Following through on that, we asked him to share something he learned about himself, writing craft, or life in general through working on the piece.
His response: “‘Waiting for Things to Die’ is a rewrite of a story I wrote nearly ten years ago when I was a freshman in college. I had tried time and time again to finish it but ended up shelving it in frustration. Finding it and going back to it made me realize that I need time in my writing, to put a story out of my mind for a while, and come back to it with fresh eyes and rested hands.”
We think this is true for many writers. Sometimes when a draft (or experience) is still fresh, you can’t see beyond it to understand what the piece really needs in order to be the best version of itself. This also ties in nicely with his answer to what part of the artistic process is the most satisfying.

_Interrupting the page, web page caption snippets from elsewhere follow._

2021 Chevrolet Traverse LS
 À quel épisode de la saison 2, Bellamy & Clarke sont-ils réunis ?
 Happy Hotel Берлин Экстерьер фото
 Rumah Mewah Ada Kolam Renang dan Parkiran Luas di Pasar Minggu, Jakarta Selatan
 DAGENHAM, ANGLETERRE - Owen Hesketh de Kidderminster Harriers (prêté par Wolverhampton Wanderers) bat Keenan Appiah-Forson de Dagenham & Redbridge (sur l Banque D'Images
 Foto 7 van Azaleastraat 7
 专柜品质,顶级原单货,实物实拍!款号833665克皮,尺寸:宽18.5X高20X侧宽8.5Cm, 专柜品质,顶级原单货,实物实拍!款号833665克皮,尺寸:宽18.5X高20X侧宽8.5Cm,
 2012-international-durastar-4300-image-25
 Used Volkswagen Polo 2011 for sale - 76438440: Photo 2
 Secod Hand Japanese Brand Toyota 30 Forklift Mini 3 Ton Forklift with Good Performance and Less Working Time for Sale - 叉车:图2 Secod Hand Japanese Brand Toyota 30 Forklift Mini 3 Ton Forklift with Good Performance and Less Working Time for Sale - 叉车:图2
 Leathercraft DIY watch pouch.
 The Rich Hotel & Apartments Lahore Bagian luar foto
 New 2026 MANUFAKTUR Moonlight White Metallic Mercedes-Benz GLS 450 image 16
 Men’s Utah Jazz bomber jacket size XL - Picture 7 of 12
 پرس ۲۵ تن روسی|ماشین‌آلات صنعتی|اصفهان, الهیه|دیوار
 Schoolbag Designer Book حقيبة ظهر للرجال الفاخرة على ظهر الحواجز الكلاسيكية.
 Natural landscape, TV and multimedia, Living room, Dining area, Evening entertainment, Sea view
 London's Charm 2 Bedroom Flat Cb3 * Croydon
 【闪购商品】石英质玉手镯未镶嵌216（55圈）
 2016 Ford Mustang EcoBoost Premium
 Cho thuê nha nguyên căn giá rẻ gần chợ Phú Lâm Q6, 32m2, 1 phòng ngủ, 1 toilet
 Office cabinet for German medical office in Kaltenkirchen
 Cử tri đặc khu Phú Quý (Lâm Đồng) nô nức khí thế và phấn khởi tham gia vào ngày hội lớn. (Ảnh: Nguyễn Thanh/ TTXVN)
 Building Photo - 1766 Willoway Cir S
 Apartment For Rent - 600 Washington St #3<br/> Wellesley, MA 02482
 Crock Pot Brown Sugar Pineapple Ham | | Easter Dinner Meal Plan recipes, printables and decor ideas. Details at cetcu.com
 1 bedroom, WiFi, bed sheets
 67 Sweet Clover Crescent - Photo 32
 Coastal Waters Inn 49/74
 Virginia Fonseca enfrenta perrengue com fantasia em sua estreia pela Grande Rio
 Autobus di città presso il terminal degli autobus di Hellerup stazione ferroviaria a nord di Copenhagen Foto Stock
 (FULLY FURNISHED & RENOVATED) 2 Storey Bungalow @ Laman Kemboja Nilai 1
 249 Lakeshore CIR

His response: “Definitely revising. I truly believe that a story is actually written during revision. My first drafts are word vomit. I have an idea of where I want a story to go, but that’s about it. I don’t plan my writing. I find the idea and it is a stream of consciousness until it’s finished. Whatever comes to my mind goes on the page. But revising I take far more seriously, and usually, my final drafts, if there ever is such a thing as a final draft, are much different from the original product.”
Again, we think a lot of writers can relate to this and probably also to his sentiment about what fuels his desire to write which, as he points out, is less about desire and more about compulsion and necessity.
“I don’t see writing as something I desire to do. It’s not even something I particularly enjoy doing. I’ve written in the past but never seriously, not with intention of being published anyways. But in the past couple of years, writing has become something of a compulsion, something that I can’t help, and giving into this drive to write has done wonders for my mental health. Now it’s just part of my daily routine, like going to the gym or brushing my teeth.”
We also asked Emile if he could give his younger self some advice, what would that be.
His response: “Start earlier. Start when you’re young. Writing requires time and practice. Any craft takes hours and hours of preparation. Athletes spend hours and hours every week practicing and lifting weights and doing conditioning just to perform for a few minutes once a week. Writing is no different.”
Such good advice!! And our final question, as always, was what he thinks of when he hears the phrase “The Good Life.”
His response: “I think of contradictions and impossibilities. I see a process without certainty. I see a need for steady ground and solidity in the face of the trembling phenomenal and the fluid noumenal. But if anything is Good it is living life like it’s a work of art and you’re the craftsman.”
Thanks, Emile, for taking the time to consider our questions and for allowing us to publish your wonderful story.